The partial sum read in 2T1F based synaptic cell is similar except that it does not need to read the LSW and HSW separately as they are both encoded as the channel conductance of FeFET.

LSW Write In both synapses, the weight update is conducted by programming the capacitor row-by-row during training.

- 1. Turn on the PGs of the selected synapse
- 2. If weight update  $\Delta W > 0$ , pulses with high voltage are applied to AG1 to charge the gate node. Otherwise, if  $\Delta W < 0$ , pulses with low voltage are applied to AG2 to discharge the gate node.

**HSW Write (Weight Transfer)** For the capacitor node, if its voltage is too low or too high, the NMOS may operate out of linear region, and also the gate voltage may decay over time due to leakage current. Therefore, after certain amount of training batch, the LSW is read out and transferred to HSW by programming eNVMs. The weight transfer for 3T1C+ 2PCM based synapse can be conducted as follows.

- 1. Read out LSW weight W<sub>LSW</sub> row by row.
- 2. Calculate the amount of weight to be transferred to HSW by  $\Delta W_{HSW} = W_{LSW}/F$ .
- Program the G+ cell by applying set pulses to its BL if ΔW<sub>HSW</sub>>0. Otherwise, program the G- PCM cell if ΔW<sub>HSW</sub><0.</li>
- 4. After weight transfer, program the LSW to an intermediate level and therefore the original LSW is discarded.

The weight transfer for 2T1F synapse based array is slightly different. The weight of the whole synapse (W) is read-out row-by-row. The HSW is reprogrammed to a new weight level of W/F. Similarly, the LSW is discarded after the weight transfer.

Table 1 list the MLP+NeuroSim benchmark results for synaptic arrays based on these two hybrid precision synapses. The device parameters for PCM and FeFET are obtained from [14] and [13], respectively.
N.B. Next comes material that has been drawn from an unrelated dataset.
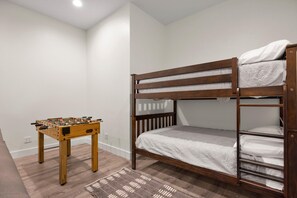 3 habitaciones, tabla de planchar con plancha y wifi gratis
An ideal eNVM synapse is selected as the baseline. Due to the improved linearity, the synaptic arrays with hybrid precision synapses can achieve comparable on-chip learning accuracy with ideal device. Slight accuracy degradation is observed due to the weight loss after weight transfer and the cycle-to-cycle variations in a real device. However, a significant area overhead is observed due to two reasons: 1). The multilevel polarization switching in FeFET is only reported at µm scale for FeFET [13] 2). The relatively large capacitance (100fF) is used in the design [11], [12].

Table 1 The Benchmark Results for Hybrid Precision Synapse (32nm Technology Node)
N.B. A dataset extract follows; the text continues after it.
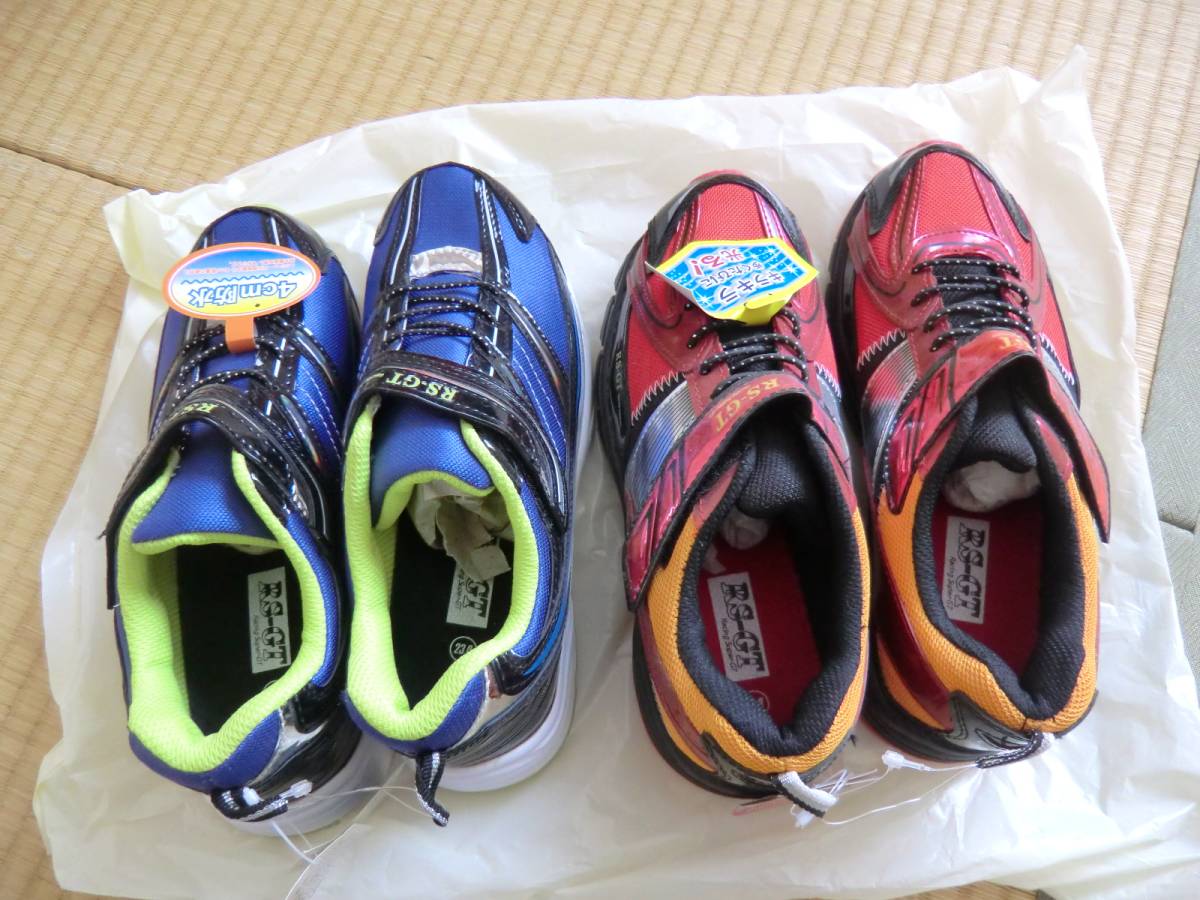 タグ付き ｒｓ ｇｔ 光るスニーカー 他計２足 ２３センチ 運動靴 23cm 売買されたオークション情報 Yahooの商品情報をアーカイブ公開 オークファン Aucfan Com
| Device                                        | 3T1C+2PCM                                            | 2T1F                                                   | Ideal<br>eNVMs |
|-----------------------------------------------|------------------------------------------------------|--------------------------------------------------------|----------------|
| # of conductance<br>states                    | PCM: 16<br>Capacitor: 32<br>(6 bits in total)<br>F=4 | HSW: 2bits<br>LSW: 4 bits<br>(6 bits in total)<br>F=16 | 6 bits         |
| Nonlinearity<br>(weight<br>increase/decrease) | Capacitor: 0.2/-0.2<br>PCM: 0.105 (LTP<br>only)      | 0.5/0.5                                                | 0/0            |

| R                               | PCM: 4.71 KΩ<br>Capacitor: 25KΩ          | 559.28ΚΩ                       | 200kΩ                 |
|---------------------------------|------------------------------------------|--------------------------------|-----------------------|
| ON/OFF ratio                    | PCM: 19.8<br>Capacitor: 20               | 45                             | 50                    |
| Weight increase pulse           | HSW: 0.7V (avg.)<br>/6μs<br>LSW:1V/300ps | HSW: 2-4V/3μs<br>LSW: 1V/300ps | 2V/10ns               |
| Weight decrease pulse           | Capacitor:1V/300ps                       | HSW: 2-4V/3μs<br>LSW: 1V/300ps | 2V/10ns               |
| Cycle-to-cycle<br>variation (σ) | PCM: 1.5%<br>Capacitor: 0.5%             | 1.5%                           | 0%                    |
| Online learning accuracy        | 93.8%                                    | 94.6%                          | 94.7%                 |
| Area                            | 330,330 μm <sup>2</sup>                  | 334,270μm <sup>2</sup>         | 7477.4μm <sup>2</sup> |
| Latency                         | 3.15s<br>(3.06s for transfer)            | 0.38s<br>(0.28s for transfer)  | 1.56s                 |
| Energy                          | 16.69 mJ                                 | 7.53 mJ                        | 4.37 mJ               |
| Leakage power                   | 1.66 mW                                  | 2.94 mW                        | 105.6 μW              |

#### 2.2 Training Algorithms

In the previous two versions of MLP + NeuroSim framework, stochastic gradient descent (SGD) is used during the backpropagation stage for on-chip learning. In the V3.0, more training algorithms are supported to help increase the on-chip learning accuracy. Here, we briefly talk about the options of training algorithms in V3.0. More mathematical details about these algorithms can be found in an online tutorial [15].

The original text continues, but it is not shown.